### Input for this task
· · ·

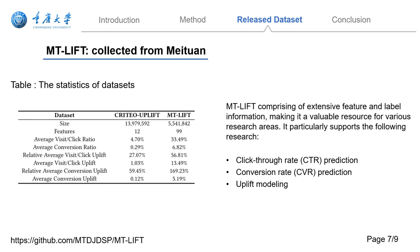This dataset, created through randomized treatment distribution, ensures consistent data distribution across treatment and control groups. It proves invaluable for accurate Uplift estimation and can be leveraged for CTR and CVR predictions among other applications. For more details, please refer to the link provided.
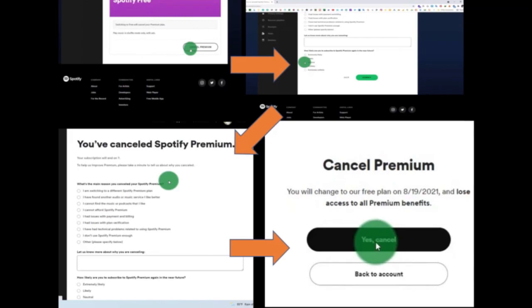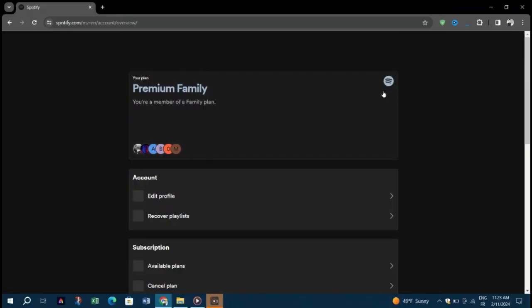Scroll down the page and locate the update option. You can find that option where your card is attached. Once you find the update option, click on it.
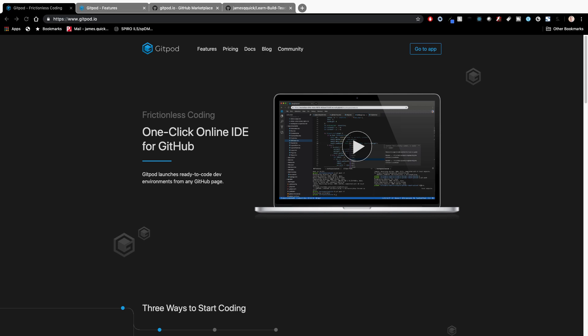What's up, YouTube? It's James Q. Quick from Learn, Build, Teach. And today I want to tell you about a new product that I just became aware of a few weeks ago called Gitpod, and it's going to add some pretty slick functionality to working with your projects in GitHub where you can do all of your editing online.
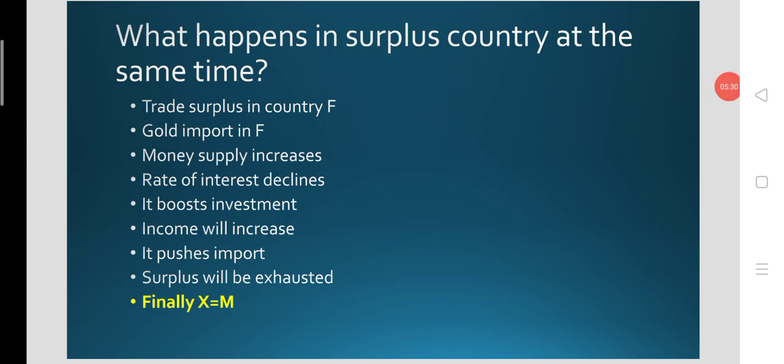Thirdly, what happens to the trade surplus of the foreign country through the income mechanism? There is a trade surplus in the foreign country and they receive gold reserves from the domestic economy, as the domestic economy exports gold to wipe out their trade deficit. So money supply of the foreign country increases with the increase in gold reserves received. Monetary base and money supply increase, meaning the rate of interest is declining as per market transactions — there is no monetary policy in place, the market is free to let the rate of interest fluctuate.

· · ·

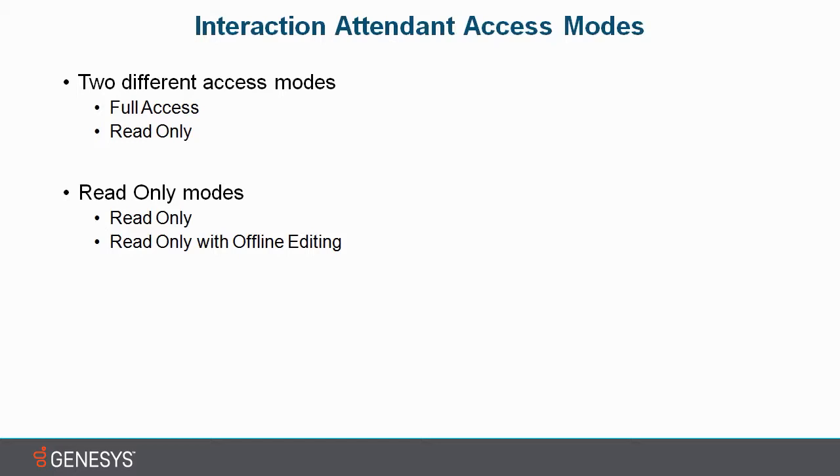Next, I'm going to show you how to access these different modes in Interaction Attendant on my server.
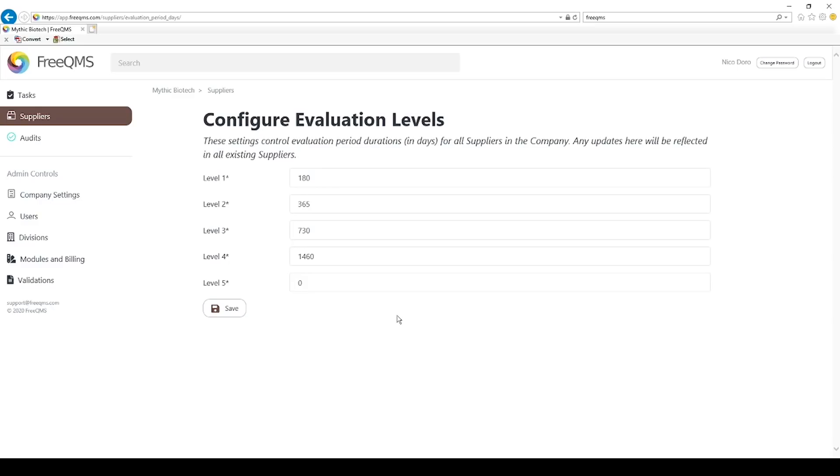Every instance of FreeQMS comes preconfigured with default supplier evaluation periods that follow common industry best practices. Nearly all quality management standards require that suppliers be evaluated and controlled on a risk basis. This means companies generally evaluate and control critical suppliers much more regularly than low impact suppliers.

· · ·

### Goal of the exercise
Repeat, without pictures, exactly the lines of the data above from the one containing "Next, I'm going" through the one containing "Every instance of", including both and adding nothing.

### Task output
Next, I'm going to show you how to access these different modes in Interaction Attendant on my server.
Every instance of FreeQMS comes preconfigured with default supplier evaluation periods that follow common industry best practices. Nearly all quality management standards require that suppliers be evaluated and controlled on a risk basis. This means companies generally evaluate and control critical suppliers much more regularly than low impact suppliers.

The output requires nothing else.